Aren’t the police just trying to get my side of things?
Here’s one fairly absolute rule: Do NOT talk to the police. They’re not trying to “get your side of things” or clear you. For example, if you got in a fight and claim that you hit somebody in self-defense, that’s a legal defense, but it won’t stop you from being investigated, arrested or charged. The police aren’t trying to help you by making a determination of self defense or not. They’re trying to get an incriminating statement from you – plain and simple.
So if you’re innocent, why not just tell them your side of things? Many reasons. What if you say the wrong thing? What if they mis-hear what you say? What if you’re misquoted? Once they put it in the police report, unless it’s recorded, everybody will assume what’s in the report is true and accurate.
What if your statement contradicts what a witness says?
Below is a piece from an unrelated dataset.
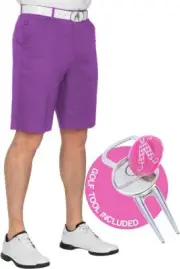 Royal and Awesome Men`s Golf Shorts Purple Patch Golf Shorts + Tool W 30 - 44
Let’s suppose the witness gave a statement to the police, but their interpretation was wrong, they didn’t see the whole thing or they got the facts wrong? Then, if your statement doesn’t match, they will assume YOU are being dishonest – after all, why would the independent witness lie about what they saw? See where I’m going with this?
Here’s a link to another blog post I wrote with a video about why you shouldn’t call a detective back.
It’s time for a lawyer.
You’re concerned enough to be searching on the internet for information. Probably well-taken concern. I’d suggest you sit down face to face with a good local criminal defense attorney to discuss things in greater detail. In the mean time, don’t make ANY statements to ANYONE about this. No Facebook, Twitter, emails, texts or calls. Assume everything you say is going straight back to the police and will come back to haunt you.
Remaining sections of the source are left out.